May 29, 2010

Burmese FlagThe first family is originally from Burma but arrived in Phoenix via Thailand. The husband and wife both fled from the Burmese government and military with their parents who were farmers when they were about 6 years old. Both of them then lived in a refugee camp in Northern Thailand for 18 years. They met, married and had both of their children while living there. The father went to sporadic classes held in the camp and received the equivalent of a 9th grade education where he learned a little English. The whole family has been in Phoenix for a little more than 2 months. Dad is taking English classes and he already has a job in the evenings. Both parents are very happy to be in the USA because they don’t have to be afraid for their children and they feel like their children now have a future. Dad has a sister who has been living in Phoenix for nearly 2 years. They are very happy.

The second family recently arrived from the Congo via Malawi because of the civil war and the danger to the family. The mother is only 31 and the head of the household of 6 children the youngest who is only one. The father recently passed away while they were living in a refugee camp where they had been living for 7 years. The mother was not sure how she could keep her family on her own. She applied to the UN for refugee status and was sent here to Phoenix. The mother is looking forward to her older children starting school and getting a good education. She said that there were no reliable schools in the camp and that she and her family often went without food for 2 or 3 days. She is very happy and thankful to be living somewhere where her children don’t have to worry about food or water and where they can make a good life.

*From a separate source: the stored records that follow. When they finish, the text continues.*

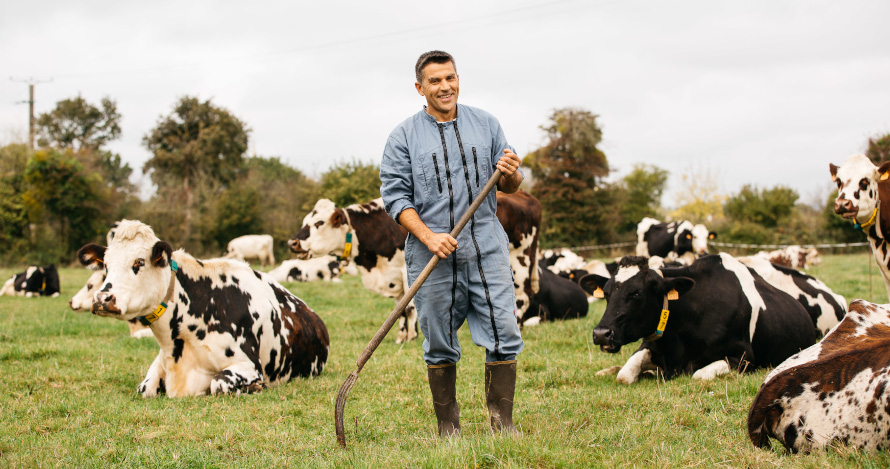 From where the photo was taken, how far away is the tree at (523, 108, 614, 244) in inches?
1528

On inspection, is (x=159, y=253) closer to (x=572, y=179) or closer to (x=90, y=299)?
(x=90, y=299)

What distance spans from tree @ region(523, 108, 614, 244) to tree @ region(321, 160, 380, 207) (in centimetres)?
880

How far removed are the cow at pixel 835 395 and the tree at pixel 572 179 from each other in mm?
35065

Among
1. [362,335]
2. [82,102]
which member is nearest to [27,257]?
[82,102]

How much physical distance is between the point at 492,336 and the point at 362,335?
6451 millimetres

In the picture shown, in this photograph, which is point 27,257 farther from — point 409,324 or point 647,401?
point 647,401

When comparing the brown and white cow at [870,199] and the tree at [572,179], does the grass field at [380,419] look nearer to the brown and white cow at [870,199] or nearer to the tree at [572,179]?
the brown and white cow at [870,199]

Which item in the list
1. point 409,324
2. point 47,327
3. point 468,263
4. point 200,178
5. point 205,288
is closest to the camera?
point 468,263

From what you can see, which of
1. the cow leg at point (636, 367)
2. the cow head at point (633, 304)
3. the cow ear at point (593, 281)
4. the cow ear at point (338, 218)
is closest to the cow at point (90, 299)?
the cow ear at point (338, 218)

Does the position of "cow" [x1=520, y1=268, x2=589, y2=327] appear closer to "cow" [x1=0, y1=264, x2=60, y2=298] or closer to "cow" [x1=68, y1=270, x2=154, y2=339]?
"cow" [x1=68, y1=270, x2=154, y2=339]

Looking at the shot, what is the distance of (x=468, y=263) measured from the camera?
13.5 feet

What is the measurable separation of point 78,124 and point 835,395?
5951cm

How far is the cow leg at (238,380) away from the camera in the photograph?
6145mm

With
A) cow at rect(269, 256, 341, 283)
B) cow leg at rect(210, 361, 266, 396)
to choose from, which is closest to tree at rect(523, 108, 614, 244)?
cow at rect(269, 256, 341, 283) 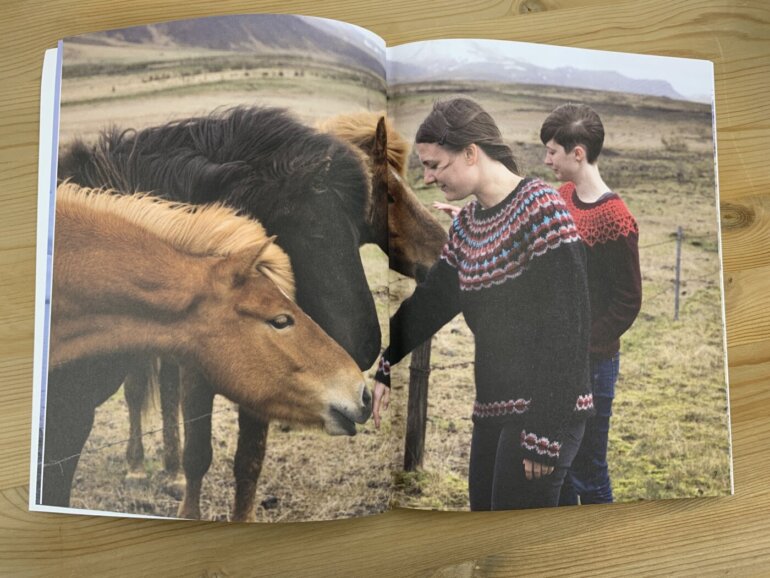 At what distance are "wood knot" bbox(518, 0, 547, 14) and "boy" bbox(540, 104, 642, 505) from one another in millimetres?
123

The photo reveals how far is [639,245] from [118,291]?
55 centimetres

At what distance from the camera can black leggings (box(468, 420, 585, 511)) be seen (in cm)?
74

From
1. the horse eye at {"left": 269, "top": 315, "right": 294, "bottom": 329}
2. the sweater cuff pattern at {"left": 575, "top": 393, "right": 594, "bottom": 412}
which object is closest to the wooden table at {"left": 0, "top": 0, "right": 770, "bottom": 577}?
the sweater cuff pattern at {"left": 575, "top": 393, "right": 594, "bottom": 412}

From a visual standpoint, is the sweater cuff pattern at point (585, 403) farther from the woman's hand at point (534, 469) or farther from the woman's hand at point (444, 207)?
the woman's hand at point (444, 207)

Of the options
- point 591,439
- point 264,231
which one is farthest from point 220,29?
point 591,439

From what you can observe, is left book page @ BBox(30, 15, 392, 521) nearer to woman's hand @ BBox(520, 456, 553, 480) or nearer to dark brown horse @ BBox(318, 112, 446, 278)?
dark brown horse @ BBox(318, 112, 446, 278)

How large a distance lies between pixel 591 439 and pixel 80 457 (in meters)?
0.52

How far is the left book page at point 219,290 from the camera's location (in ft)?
2.33

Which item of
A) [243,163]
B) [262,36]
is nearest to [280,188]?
[243,163]

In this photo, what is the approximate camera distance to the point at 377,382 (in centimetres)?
73

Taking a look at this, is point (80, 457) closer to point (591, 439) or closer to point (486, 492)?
point (486, 492)

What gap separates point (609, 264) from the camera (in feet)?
2.54

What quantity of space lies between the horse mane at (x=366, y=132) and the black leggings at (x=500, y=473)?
29cm

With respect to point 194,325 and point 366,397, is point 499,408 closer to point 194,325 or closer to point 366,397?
point 366,397
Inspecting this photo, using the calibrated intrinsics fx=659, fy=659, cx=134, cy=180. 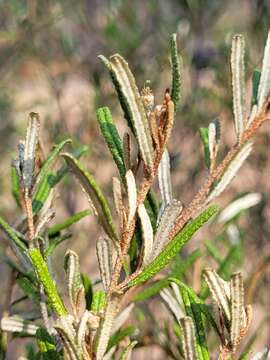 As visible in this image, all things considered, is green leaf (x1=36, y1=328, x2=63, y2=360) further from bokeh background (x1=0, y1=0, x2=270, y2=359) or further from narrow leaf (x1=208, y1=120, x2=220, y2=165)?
bokeh background (x1=0, y1=0, x2=270, y2=359)

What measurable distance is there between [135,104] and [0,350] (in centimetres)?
31

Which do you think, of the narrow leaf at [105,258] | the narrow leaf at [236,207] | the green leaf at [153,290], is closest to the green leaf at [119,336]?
the green leaf at [153,290]

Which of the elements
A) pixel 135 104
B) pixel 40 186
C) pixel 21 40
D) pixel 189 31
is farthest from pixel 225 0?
pixel 135 104

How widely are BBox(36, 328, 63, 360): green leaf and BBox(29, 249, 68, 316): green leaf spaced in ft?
0.21

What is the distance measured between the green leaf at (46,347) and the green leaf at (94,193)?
0.35ft

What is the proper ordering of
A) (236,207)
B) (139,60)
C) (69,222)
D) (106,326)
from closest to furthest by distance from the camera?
1. (106,326)
2. (69,222)
3. (236,207)
4. (139,60)

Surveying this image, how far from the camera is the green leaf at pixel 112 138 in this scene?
0.48m

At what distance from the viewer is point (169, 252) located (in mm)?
456

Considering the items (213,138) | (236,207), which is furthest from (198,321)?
(236,207)

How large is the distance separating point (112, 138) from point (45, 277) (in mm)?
115

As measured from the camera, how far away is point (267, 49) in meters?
0.51

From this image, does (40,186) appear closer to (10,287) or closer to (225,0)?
(10,287)

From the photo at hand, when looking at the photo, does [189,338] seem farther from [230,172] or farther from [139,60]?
[139,60]

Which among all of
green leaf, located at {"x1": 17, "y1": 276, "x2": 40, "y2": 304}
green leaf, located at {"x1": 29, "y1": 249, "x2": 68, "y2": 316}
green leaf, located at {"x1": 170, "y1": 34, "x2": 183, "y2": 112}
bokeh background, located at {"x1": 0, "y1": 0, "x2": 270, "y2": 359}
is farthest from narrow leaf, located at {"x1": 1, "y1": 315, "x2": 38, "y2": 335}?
bokeh background, located at {"x1": 0, "y1": 0, "x2": 270, "y2": 359} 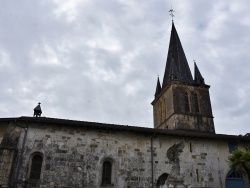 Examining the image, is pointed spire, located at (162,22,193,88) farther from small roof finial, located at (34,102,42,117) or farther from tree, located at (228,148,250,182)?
tree, located at (228,148,250,182)

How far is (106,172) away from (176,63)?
75.9 feet

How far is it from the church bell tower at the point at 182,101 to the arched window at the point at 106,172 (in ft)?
46.1

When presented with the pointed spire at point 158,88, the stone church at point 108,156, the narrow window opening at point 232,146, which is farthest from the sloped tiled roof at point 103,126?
the pointed spire at point 158,88

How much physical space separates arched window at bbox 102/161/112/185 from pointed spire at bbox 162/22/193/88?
18.7 metres

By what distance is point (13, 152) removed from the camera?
45.0 ft

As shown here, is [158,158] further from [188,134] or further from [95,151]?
[95,151]

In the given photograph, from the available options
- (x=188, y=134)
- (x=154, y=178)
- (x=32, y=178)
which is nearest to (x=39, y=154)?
(x=32, y=178)

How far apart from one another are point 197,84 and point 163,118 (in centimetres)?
597

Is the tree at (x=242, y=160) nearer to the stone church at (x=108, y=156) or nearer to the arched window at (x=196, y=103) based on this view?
the stone church at (x=108, y=156)

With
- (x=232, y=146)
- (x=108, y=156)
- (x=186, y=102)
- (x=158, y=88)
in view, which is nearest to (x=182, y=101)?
(x=186, y=102)

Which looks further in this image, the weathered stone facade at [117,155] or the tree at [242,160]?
the weathered stone facade at [117,155]

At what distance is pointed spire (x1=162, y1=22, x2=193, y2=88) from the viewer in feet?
108

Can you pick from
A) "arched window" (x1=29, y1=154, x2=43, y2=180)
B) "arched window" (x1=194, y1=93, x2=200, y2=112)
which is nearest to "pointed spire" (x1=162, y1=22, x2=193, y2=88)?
"arched window" (x1=194, y1=93, x2=200, y2=112)

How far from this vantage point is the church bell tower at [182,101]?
94.6 ft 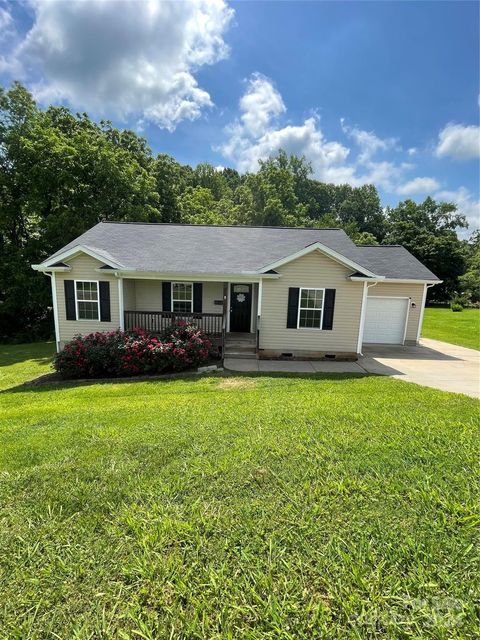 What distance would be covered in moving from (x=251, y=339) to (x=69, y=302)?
256 inches

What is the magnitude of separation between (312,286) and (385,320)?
180 inches

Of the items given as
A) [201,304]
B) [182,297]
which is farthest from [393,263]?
[182,297]

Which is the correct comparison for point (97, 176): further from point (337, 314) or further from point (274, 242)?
point (337, 314)

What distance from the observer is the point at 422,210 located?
146 ft

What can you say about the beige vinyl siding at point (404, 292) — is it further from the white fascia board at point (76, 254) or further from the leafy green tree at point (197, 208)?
the leafy green tree at point (197, 208)

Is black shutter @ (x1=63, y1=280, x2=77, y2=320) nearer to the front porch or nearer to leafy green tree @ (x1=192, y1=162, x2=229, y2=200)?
the front porch

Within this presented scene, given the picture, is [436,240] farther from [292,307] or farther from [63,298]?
[63,298]

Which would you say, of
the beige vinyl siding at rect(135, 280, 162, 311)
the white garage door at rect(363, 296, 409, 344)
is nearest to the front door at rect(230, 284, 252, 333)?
the beige vinyl siding at rect(135, 280, 162, 311)

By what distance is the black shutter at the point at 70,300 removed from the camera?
10.8 metres

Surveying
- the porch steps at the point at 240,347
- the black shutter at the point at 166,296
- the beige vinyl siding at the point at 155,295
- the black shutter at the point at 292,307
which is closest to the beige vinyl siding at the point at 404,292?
the black shutter at the point at 292,307

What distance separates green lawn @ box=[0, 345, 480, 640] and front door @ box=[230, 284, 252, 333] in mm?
7606

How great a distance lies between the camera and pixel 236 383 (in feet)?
26.6

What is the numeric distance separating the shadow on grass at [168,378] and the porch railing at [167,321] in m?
2.28

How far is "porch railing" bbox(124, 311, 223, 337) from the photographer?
11.0 meters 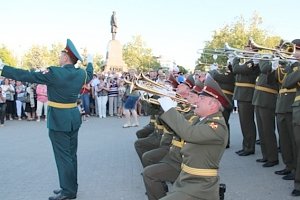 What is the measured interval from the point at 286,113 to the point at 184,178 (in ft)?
10.4

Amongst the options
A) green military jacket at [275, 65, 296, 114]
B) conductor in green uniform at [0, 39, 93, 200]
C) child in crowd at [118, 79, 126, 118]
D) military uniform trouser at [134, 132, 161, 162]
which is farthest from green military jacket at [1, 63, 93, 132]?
child in crowd at [118, 79, 126, 118]

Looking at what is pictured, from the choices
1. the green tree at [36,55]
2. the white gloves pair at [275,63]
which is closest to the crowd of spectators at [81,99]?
the white gloves pair at [275,63]

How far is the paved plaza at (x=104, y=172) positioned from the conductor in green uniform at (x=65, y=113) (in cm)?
35

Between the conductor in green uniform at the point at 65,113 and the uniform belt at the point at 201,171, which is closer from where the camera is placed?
the uniform belt at the point at 201,171

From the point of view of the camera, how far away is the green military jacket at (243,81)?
757cm

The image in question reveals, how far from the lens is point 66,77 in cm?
538

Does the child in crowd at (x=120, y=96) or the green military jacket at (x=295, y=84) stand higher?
the green military jacket at (x=295, y=84)

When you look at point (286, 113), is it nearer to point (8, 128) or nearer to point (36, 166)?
point (36, 166)

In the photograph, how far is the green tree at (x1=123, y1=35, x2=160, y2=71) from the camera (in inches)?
2080

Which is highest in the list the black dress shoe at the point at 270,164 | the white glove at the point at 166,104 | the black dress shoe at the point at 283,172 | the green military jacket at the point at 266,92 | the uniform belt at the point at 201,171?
the white glove at the point at 166,104

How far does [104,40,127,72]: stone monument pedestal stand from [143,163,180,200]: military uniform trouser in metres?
30.5

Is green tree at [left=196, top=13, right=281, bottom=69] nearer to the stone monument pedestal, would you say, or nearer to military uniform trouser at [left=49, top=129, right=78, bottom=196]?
the stone monument pedestal

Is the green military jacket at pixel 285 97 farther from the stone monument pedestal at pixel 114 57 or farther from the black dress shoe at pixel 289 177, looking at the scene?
the stone monument pedestal at pixel 114 57

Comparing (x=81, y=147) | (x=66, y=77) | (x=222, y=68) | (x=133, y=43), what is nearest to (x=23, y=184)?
(x=66, y=77) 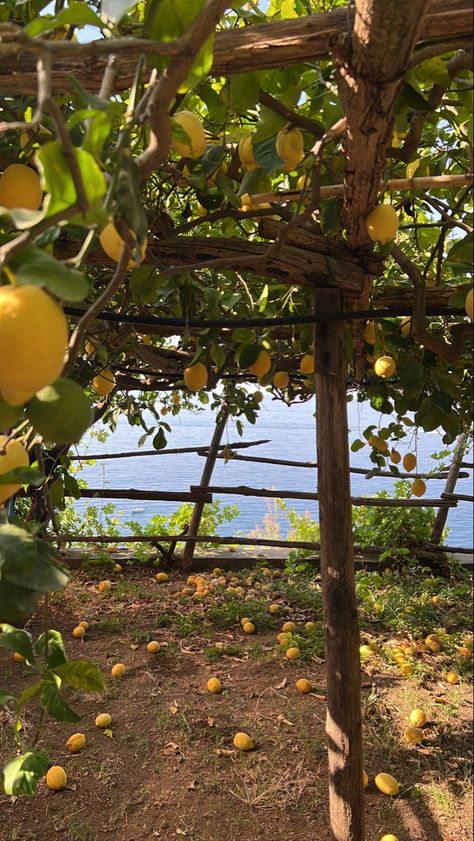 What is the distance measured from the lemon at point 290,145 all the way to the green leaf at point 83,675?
2.55ft

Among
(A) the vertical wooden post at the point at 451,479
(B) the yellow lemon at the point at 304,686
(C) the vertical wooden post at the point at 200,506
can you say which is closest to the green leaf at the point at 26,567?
(B) the yellow lemon at the point at 304,686

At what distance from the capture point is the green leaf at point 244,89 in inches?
34.8

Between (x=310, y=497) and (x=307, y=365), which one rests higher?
(x=307, y=365)

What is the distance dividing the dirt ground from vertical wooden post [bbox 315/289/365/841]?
734 mm

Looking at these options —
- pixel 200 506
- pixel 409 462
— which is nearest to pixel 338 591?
pixel 409 462

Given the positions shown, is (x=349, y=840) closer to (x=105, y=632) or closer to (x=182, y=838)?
(x=182, y=838)

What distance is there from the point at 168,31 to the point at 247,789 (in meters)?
2.29

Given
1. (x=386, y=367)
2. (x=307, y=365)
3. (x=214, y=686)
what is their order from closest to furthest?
(x=386, y=367)
(x=307, y=365)
(x=214, y=686)

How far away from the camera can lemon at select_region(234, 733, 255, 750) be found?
2.33 m

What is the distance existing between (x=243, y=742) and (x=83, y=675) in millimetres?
1767

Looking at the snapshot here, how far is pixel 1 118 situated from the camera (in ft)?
3.28

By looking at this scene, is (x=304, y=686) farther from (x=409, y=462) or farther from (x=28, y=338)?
(x=28, y=338)

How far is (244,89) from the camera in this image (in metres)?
0.89

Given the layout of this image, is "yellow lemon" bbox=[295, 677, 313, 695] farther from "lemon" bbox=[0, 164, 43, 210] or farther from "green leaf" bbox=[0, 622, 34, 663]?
"lemon" bbox=[0, 164, 43, 210] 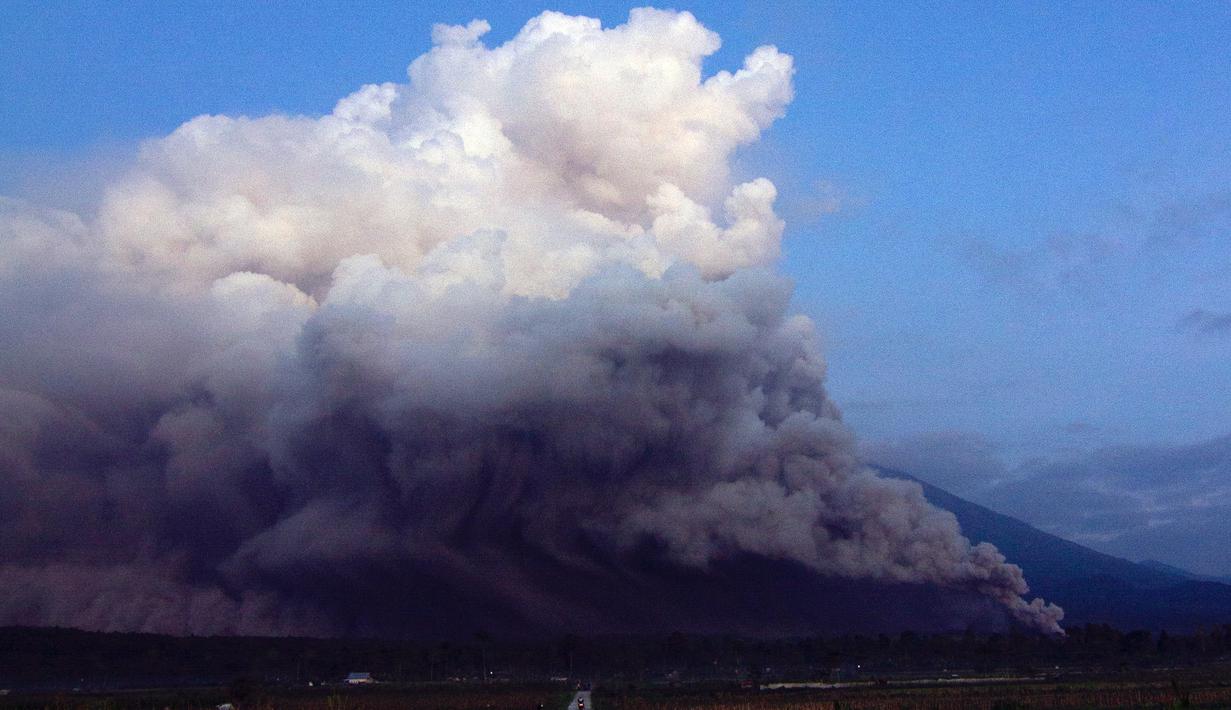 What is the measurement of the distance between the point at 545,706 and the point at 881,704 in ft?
95.7

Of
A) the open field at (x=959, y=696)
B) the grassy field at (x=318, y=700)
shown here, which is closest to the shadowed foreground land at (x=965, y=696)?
the open field at (x=959, y=696)

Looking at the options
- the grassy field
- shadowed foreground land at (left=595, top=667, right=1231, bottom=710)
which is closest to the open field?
shadowed foreground land at (left=595, top=667, right=1231, bottom=710)

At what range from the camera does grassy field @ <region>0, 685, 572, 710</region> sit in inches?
4026

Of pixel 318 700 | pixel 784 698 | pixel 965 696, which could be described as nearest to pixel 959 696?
pixel 965 696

Our last family was another family of 13 originally from the Congo. They fled to Tanzania because of the civil war and poverty. They lived in a refugee camp there for 14 years. The father was a Math and Physics Teacher at a big school in the Congo. Recently in the refugee camp rebels from the Congo government had kidnapped him and tried to remove him from the Refugee camp, his wife went to the UN authorities after which they searched the entire camp and found him before he could be “relocated”. He and his immediate family were granted refugee status and moved to Phoenix – they had been here for only 6 days when we met them and were trying to adjust to the time changes amongst everything else. The father taught his children to read and write and encouraged his older children to teach other children inside the camp. His family, work and school are most important to him. The father’s two oldest sons are very interested in learning English quickly to get jobs and start school. Both the Father and the Mother are extremely grateful and thankful that they can give all their children a good future even though their resources are so limited now.